II. The assessments were made in violation of the uniformity and equality provisions of the Kentucky constitution. Const. sec. 171. Holzhauer v. City of Newport, 15 Ky. Law. Rep. 188. A levy in excess of the proportionate amount necessary is unlawful. Porter v. Rockford &c. R. R., 76 Illinois, 564; Commonwealth v. Hamilton Mfg. Co., 12 Allen (Massachusetts), 300. The excessive levies were not by error but by design to compel a few to pay the whole debt. A statute is mandatory which limits the amount of taxes. Cooley on Taxation, 2d ed. 429; Commonwealth v. Savings Bank, 5 Allen, 428; Huse v. Merriam, 2 Greenl. 375; Case v. Dean, 16 Michigan, 12; C. N. O. & T. R. R. Co. v. Commonwealth, 81 Kentucky, 509.

III. "Due allowance" for delinquencies does not authorize imposition of entire debt on a few taxpayers. Ryerson v. Boorman, 8 N. J. Eq. 705; Rees v. Watertown, 19 Wall. 119.

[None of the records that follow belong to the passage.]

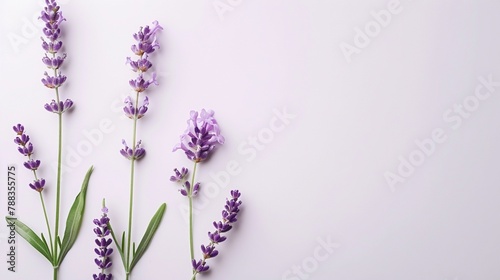 Fragrant lavender flower arranged elegantly on a white background, emanating relaxation and calmness.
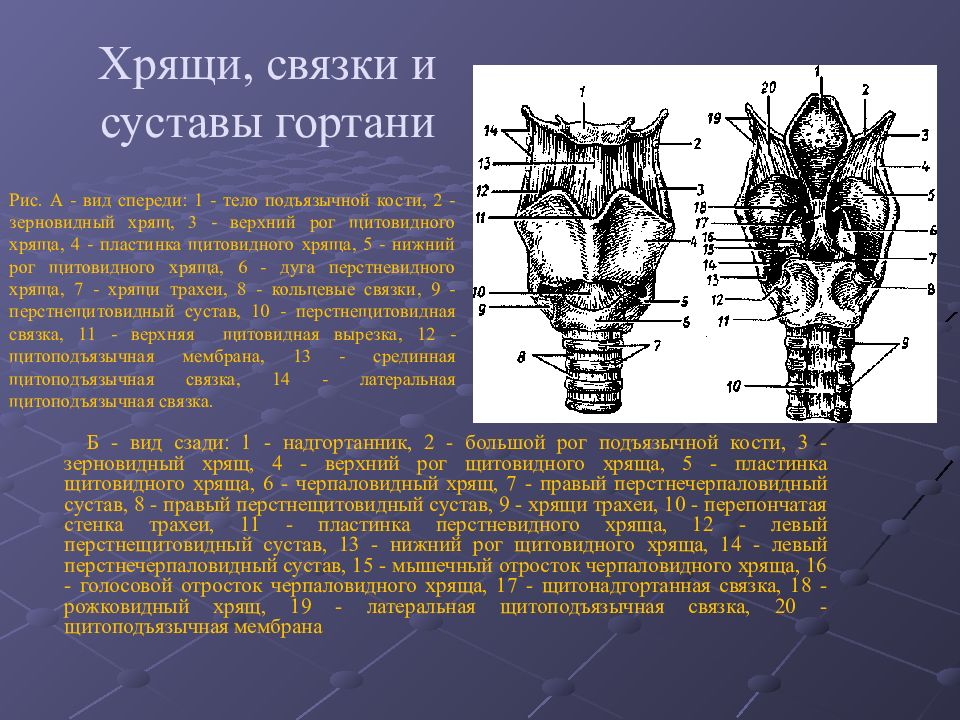 Хрящи и связки. Престщитовидный сустав гортань. Зерновидный хрящ гортани. Перстнещитовидный сустав латынь. Перстнечерпаловидный сустав анатомия.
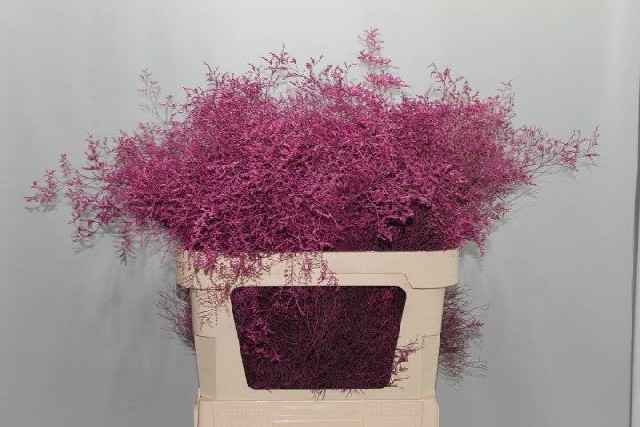 Срезанные цветы оптом Limonium paint cerise от 25шт из Голландии с доставкой по России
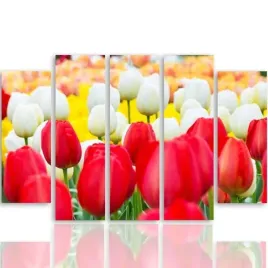 obraz-foto-5-czesci-owy-plotnie-tulipany-300x140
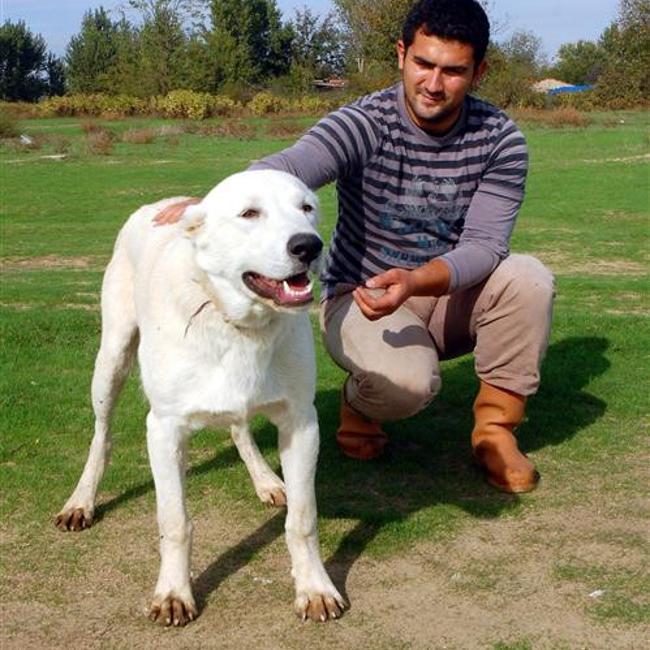 Akbash Turkish shepherd dogs ready for world launch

IV. The published notice was insufficient. Judgment given on publication can never exceed the relief demanded. Vorce v. Page, 44 N. W. Rep. 452. Against a person not named, it

Argument for Respondent.

191 U. S.

is a nullity. Hansen v. Klicha, 78 Ill. App. 177. Notice could easily have been given personally. Lot Two v. Swetland, 4 Greene (Iowa), 465; Lent v. Tillson, 140 U. S. 316, 326; Paulsen v. City of Portland, 149 U. S. 30, 40. Demand was essential and could not be omitted. United States v. Pacific R. Co., 4 Dillon, 71; Cones v. Wilson, 14 Indiana, 465; Thatcher v. Powell, 6 Wheat. 126.

V. Where an affirmative statute directs a thing to be done in a new manner it cannot be done in any other manner. Cook v. Kelly, 12 Abb. Pr. 35; Commissioners v. Gains, 3 Brew. 396.

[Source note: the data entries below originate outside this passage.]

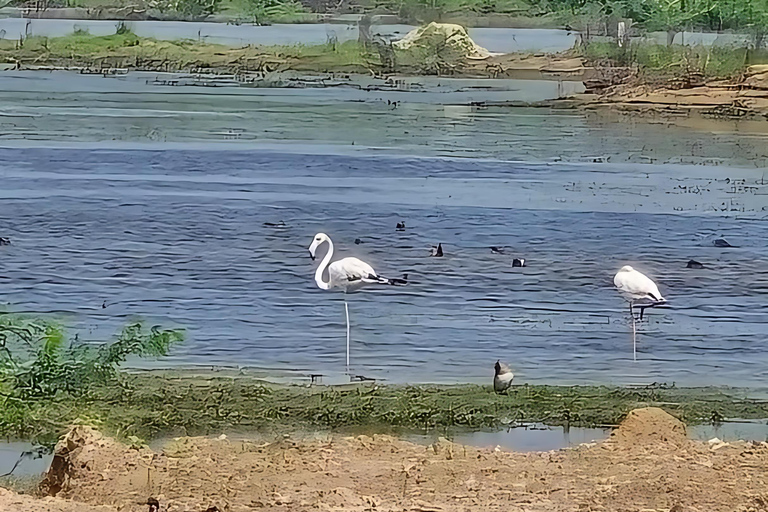 Aldea Bishnoi: recorrido de safari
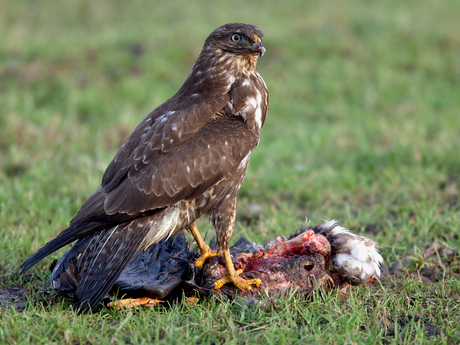 Buizerd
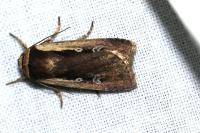 Ochropleura plecta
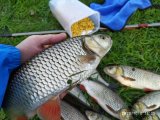 IMG_20201004_153520.jpg
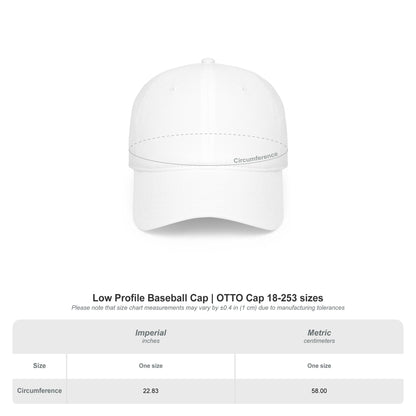 I’m the Reason We Can’t Have Nice Things Funny Low Profile Cap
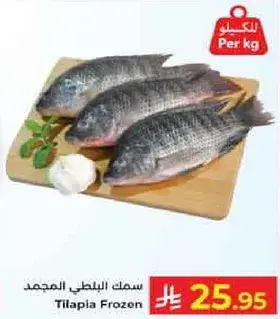 سمك البلطي المجمد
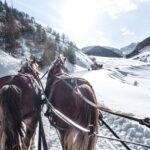 sanie trasa de cai casa razesului vatra dornei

VI. Purchasers of municipal bonds are bound by the statute therein recited and may not invoke any other statute without bringing themselves within its terms. McClure v. Town of Oxford, 94 U.S. 429; Crow v. Oxford, 119 U. S. 215; Gibson v. Dayton, 123 U. S. 59.

VII. The act of 1882 had been repealed before this action was commenced. Const. sec. 59; secs. 1839, 1840, Kentucky Statutes; sec. 907, Statutes, does not apply.

VIII. The Civil Code of Kentucky, secs. 474 to 477, gives petitioner a complete remedy by mandamus. Elliott v. Kitchen, 14 Bush, 289; Thompson v. Allen County, 115 U. S. 550; League v. Texas, 184 U. S. 156; Seibert v. Lewis, 122 U. S. 192.

IX. In absence of actual service of process the personal judgment is void. Graham v. Sublett, 6 J. J. Marshall, 45; Harris v. Adams, 2 Duvall, 141; Berry v. Berry, 6 Bush, 594; Woodside v. Dowell, 13 Ky. Law Rep. 141.

X. Respondent had no right to sue not being owner of coupons but simply a transferee for purposes of obtaining jurisdiction. County of Lake v. Dudley, 173 U. S. 243.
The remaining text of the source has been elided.